Notifications You must be signed in to change notification settings

amyaby/AI_emotion_recognition

Repository files navigation

Facial Emotion Recognition Project — Learning Phase

Table of Contents

  1. STEP 1 — Load & Display an Image
  2. Libraries Used
  3. Key Concepts Explanation
  4. Recap & Next Steps
  5. STEP 2 — Detect Faces with MediaPipe
  6. STEP 3 — Load a Pre-trained Emotion Recognition Model
  7. STEP 4 — Predict Emotions from Images

STEP 1 — Load & Display an Image(opencv + matplotlib)

This script demonstrates how to load an image using OpenCV and display it using Matplotlib. alt text

Code

import cv2  # BGR
import matplotlib.pyplot as plt  # RGB

# Load an image (replace with your photo path) [OpenCV]
image_path = "/home/im_ane/AI_emotion_recognition/data/test_images/ana.jpg"
image = cv2.imread(image_path)
image = cv2.cvtColor(image, cv2.COLOR_BGR2RGB)  # Convert to RGB for display

# Display the image [displaying]
plt.imshow(image)  # show the image
plt.axis('off')
plt.show()  # showing the window

Libraries Used

1. cv2

  • What it is: OpenCV (Open Source Computer Vision Library) — a powerful library for real-time computer vision and image processing.

  • Why we use it: Load, manipulate, and process images (e.g., reading an image file, converting color spaces, detecting faces).

  • Key functions:

    • cv2.imread(): Reads an image from a file.
    • cv2.cvtColor(): Converts an image from one color space to another (e.g., BGR → RGB).

About the cv2 Module

  • cv2 is the Python module name that provides access to OpenCV.
  • Historically cvcv2 as OpenCV evolved; today cv2 is standard.
  • Use import cv2 to access OpenCV functions.
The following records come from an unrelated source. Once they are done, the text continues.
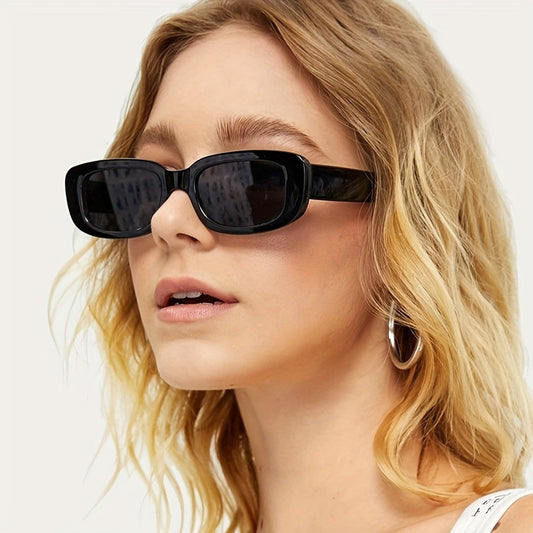 Square Frame Sunglasses Punk Polarized Glasses UV400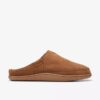 Frien Wall Tan slip-on slippers voor heren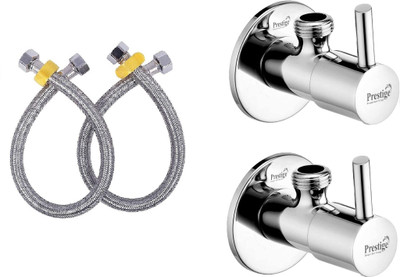 Prestige TURBO Angle with 24 Inch SS Connection for bathroom, and washbasin Hose Pipe(60 cm)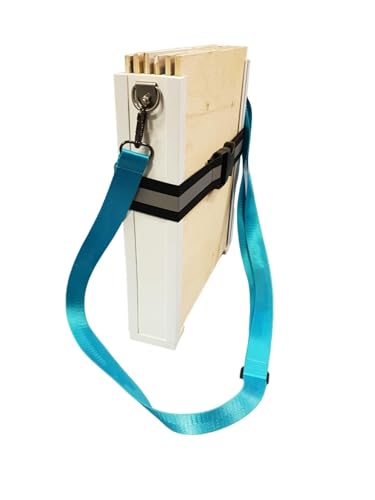 Panel Carriers Art Panel Carrier. Safely Transport Your Wet Paintings. Lightweight and Adjustable to Different Sizes. Wood Panel Carrier(Panel Thickness 4.5-6mm)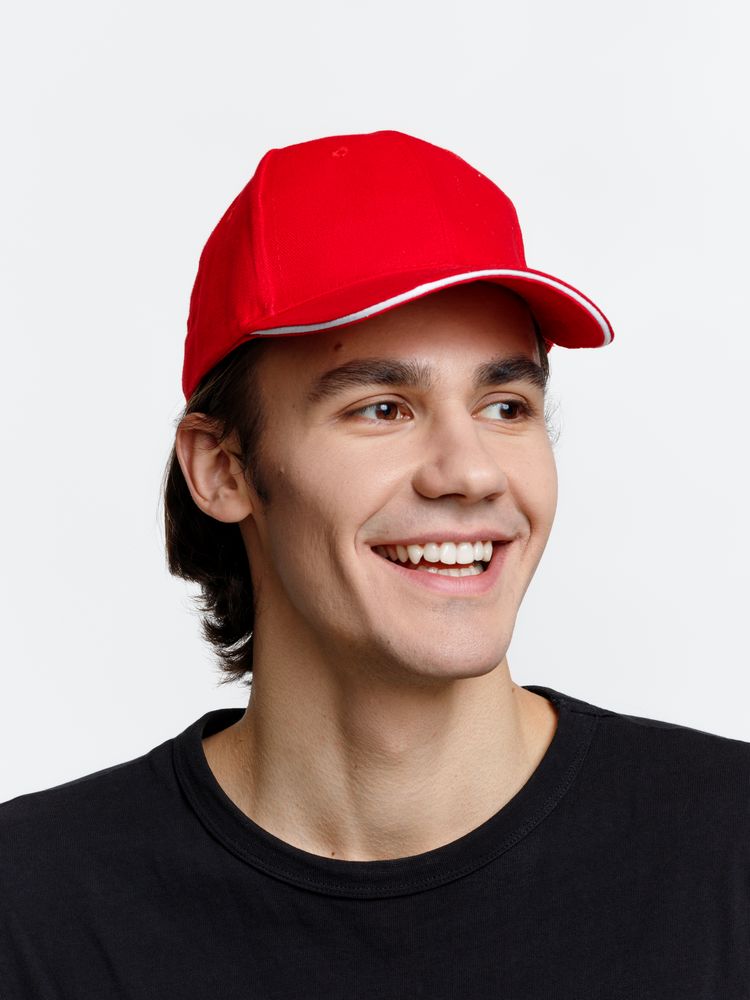 Бейсболка Buffalo, красная с белым / Миниатюра модельного (1000)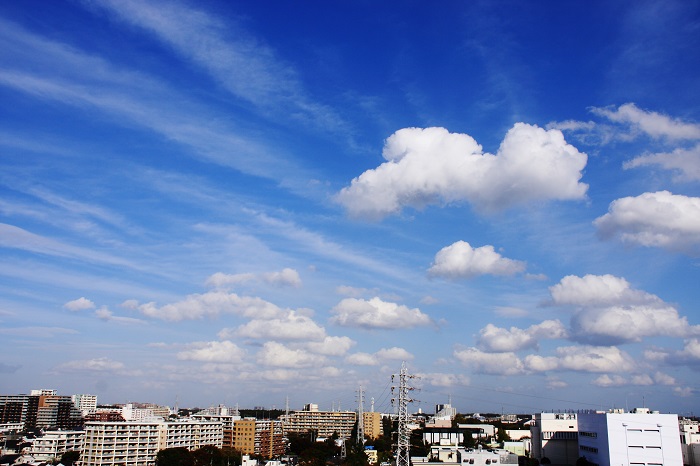 巻雲と積雲_b0268615_1502829.jpg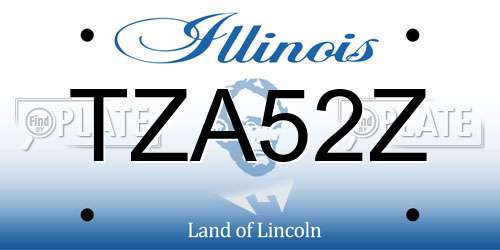 TZA52Z Illinois License Plate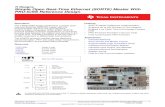 Simple Open Real-Time Ethernet (SORTE) Master With PRU ...Simple Open Real-Time Ethernet (SORTE) Master With PRU-ICSS Reference Design Section 1.1 describes the key features of PRU-ICSS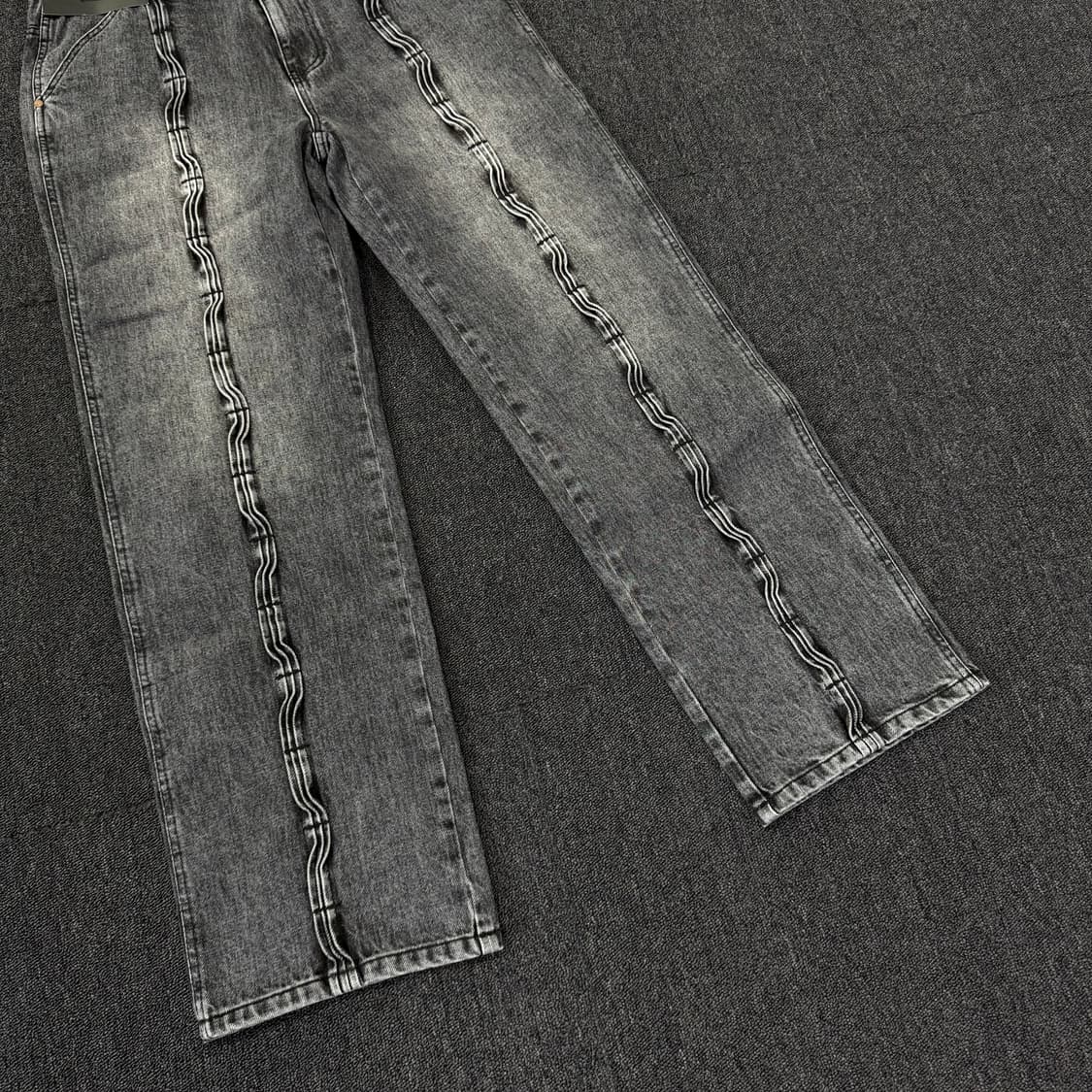 앤더슨벨 웨이브 와이드 레그진 상품이미지3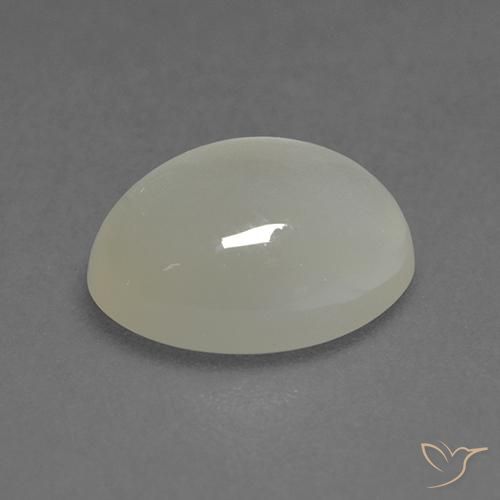 Pietra di luna Bianco caldo naturale da 1.86 ct, Ovale, Trasparente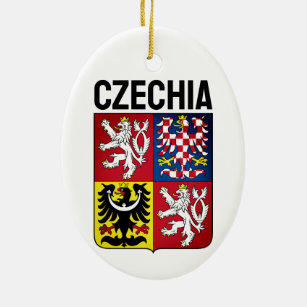 Ornamento De Cerâmica Casaco de armas da República Checa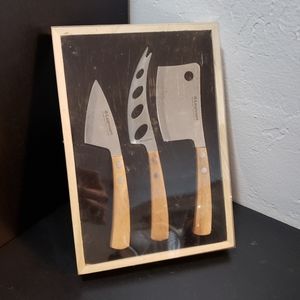 Legnoart rustic charcuterie knives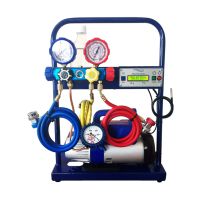 Станция ручная для заправки автомобильных кондиционеров SMC 401-1 Standard New Станция ручная для заправки автомобильных кондиционеров SMC 401-1 Standard New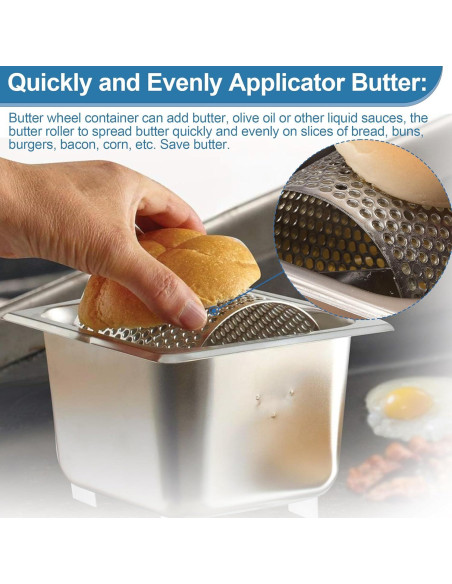 Rueda de Mantequilla Acero Inoxidable Ophjerg 1100ml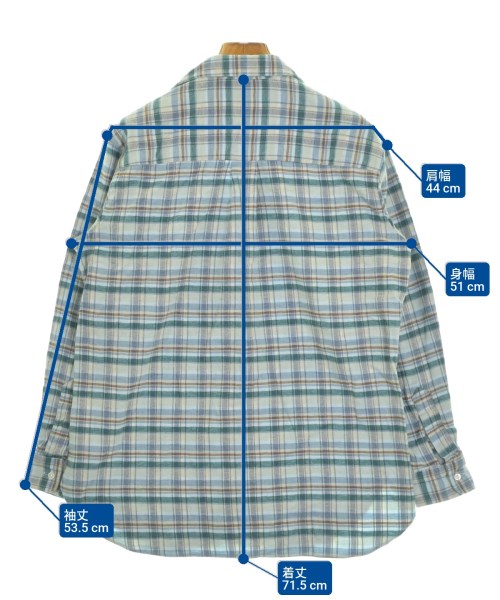 Frank&Eileen（フランクアンドアイリーン）カジュアルシャツ 青 サイズ:XS レディース/2200631174738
2. matplotlib.pyplot as plt

  • What it is: Matplotlib is a plotting library. pyplot provides a MATLAB-like plotting interface.

  • Why we use it: To display images and visualize results during development.

  • Key functions:

    • plt.imshow(): Display an image.
    • plt.axis('off'): Hide axis ticks and labels for a clean view.
    • plt.show(): Render the image window.

Key Concepts Explanation

cv2.imread(image_path)

  • Purpose: Load an image from the specified path.
  • Color space: OpenCV reads images in BGR by default.

cv2.cvtColor(image, cv2.COLOR_BGR2RGB)

  • Purpose: Convert image from BGR → RGB.
  • Why: Matplotlib and most visualization tools expect RGB; without conversion colors appear swapped (blue/red inverted).

What is cv2.COLOR_BGR2RGB?

  • A constant (color conversion code) used by cv2.cvtColor() to specify the conversion type.

How cv2.cvtColor() works

  • cv2.cvtColor(image, cv2.COLOR_BGR2RGB) takes:

    1. The input image (image).
    2. The conversion code (cv2.COLOR_BGR2RGB).

Example

image = cv2.imread("path/to/image.jpg")  # BGR
image_rgb = cv2.cvtColor(image, cv2.COLOR_BGR2RGB)  # RGB

plt.imshow(image)

  • Displays the image using Matplotlib.

plt.axis('off')

  • Hides axis labels and ticks for a cleaner display.

plt.show()

  • Renders the image window — without this the image may not appear.

Recap & Next Steps

What the code does

  1. Loads an image from a specified path using OpenCV.
  2. Converts the image from BGR → RGB for correct display.
  3. Displays the image with Matplotlib.

Next steps

  • STEP this script with your own images.
  • Move on to face detection using MediaPipe.
  • Implement emotion recognition with a pre-trained model.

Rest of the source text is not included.